**Exercise prompt:**
The answer should be the records below, word for word, with every image left out.

Image-caption web data:
┌──
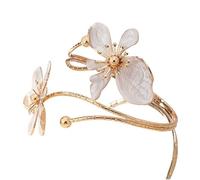 Upper Arm Bracelet Band Cuff Bangle for Women Multi-layered Cross Arm Cuffs Coil Bracelet Butterfly Flower Gold Armband Dainty Adjustable Boho Jewelry Birthday Gift, 0.1, Acrylic, no gemstone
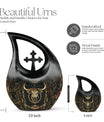 10 inch Zodiac themed Cross Drop Urn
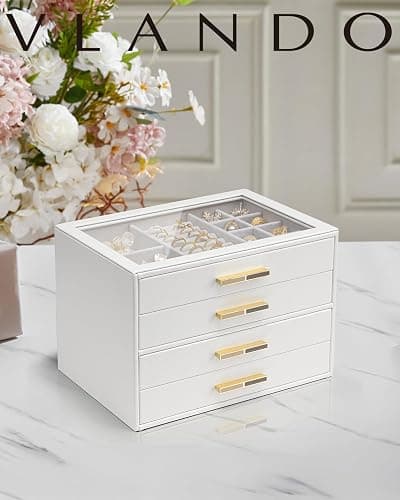 Vlando Jewelry Box for Women, Glass Lid Jewelry Organizer with 4 Drawers for Necklaces Rings Earrings Bracelets Christmas Gift - White thumbnail 2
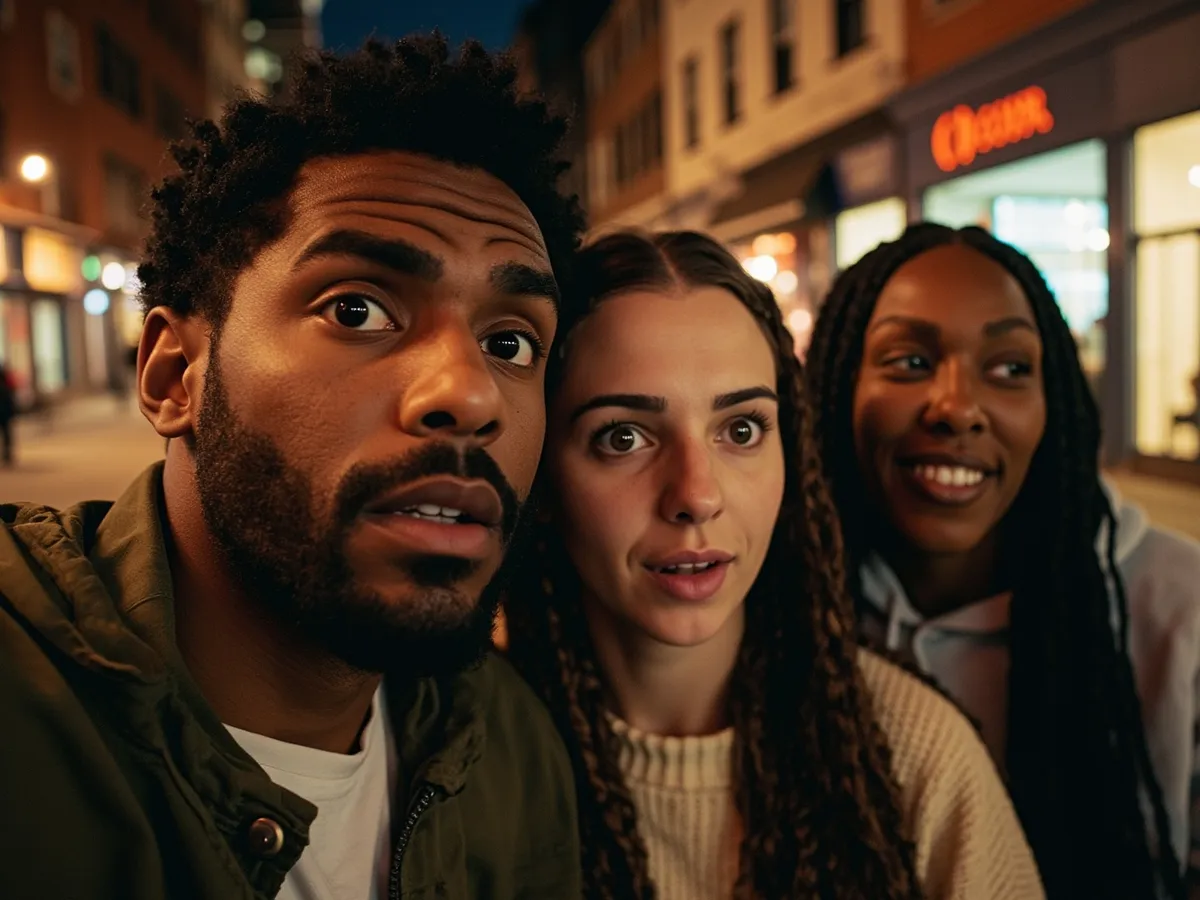 Computer-generated image: three friends laughing together in a group photo on a quest day out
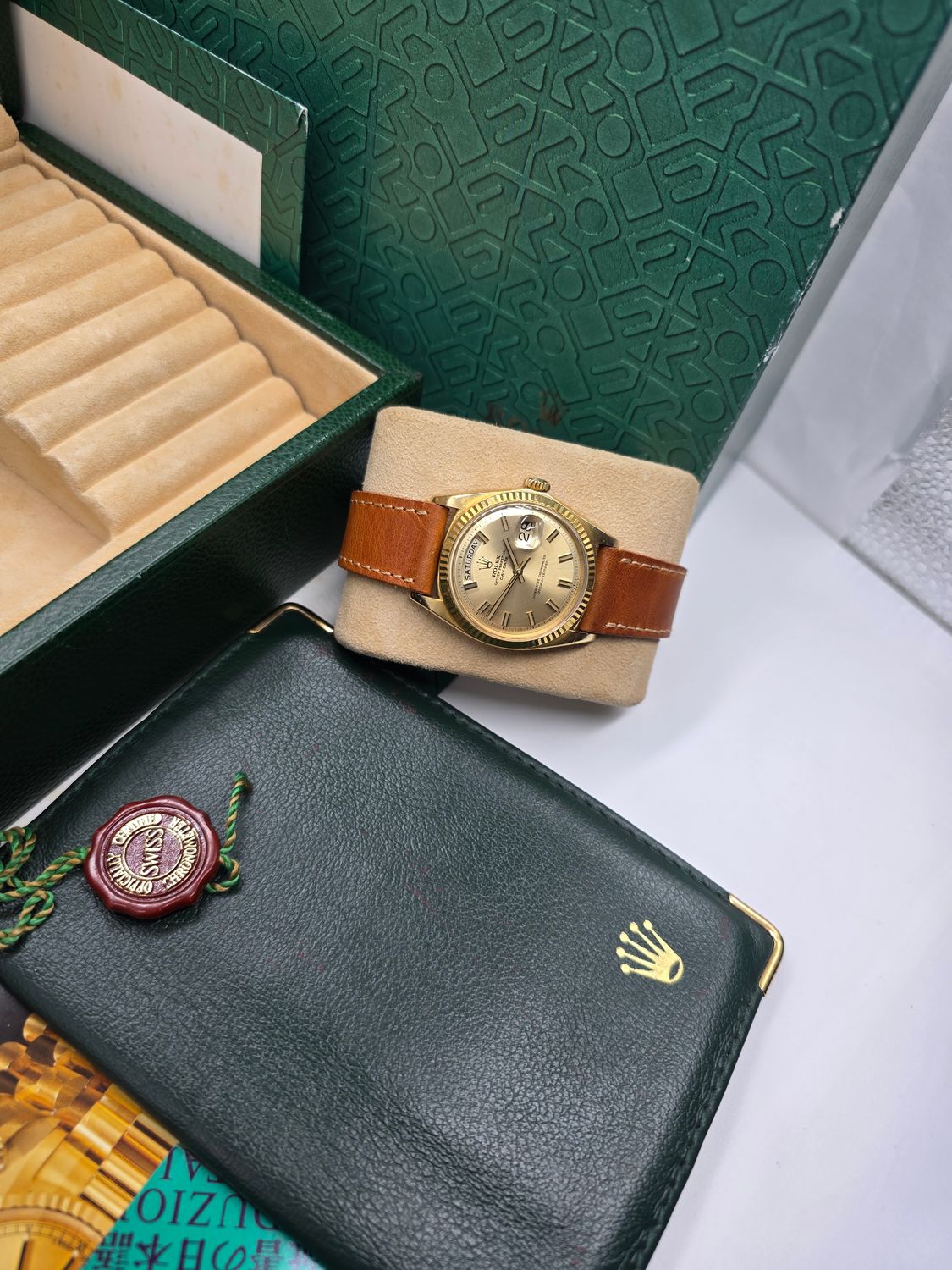 Rolex DayDate 1803 36mm, 18K Gold, Rare WideBoy Dial, Circa 1969 Box &amp; Booklets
└──
**Finished exercise:**
 Upper Arm Bracelet Band Cuff Bangle for Women Multi-layered Cross Arm Cuffs Coil Bracelet Butterfly Flower Gold Armband Dainty Adjustable Boho Jewelry Birthday Gift, 0.1, Acrylic, no gemstone
 10 inch Zodiac themed Cross Drop Urn
 Vlando Jewelry Box for Women, Glass Lid Jewelry Organizer with 4 Drawers for Necklaces Rings Earrings Bracelets Christmas Gift - White thumbnail 2
 Computer-generated image: three friends laughing together in a group photo on a quest day out
 Rolex DayDate 1803 36mm, 18K Gold, Rare WideBoy Dial, Circa 1969 Box &amp; Booklets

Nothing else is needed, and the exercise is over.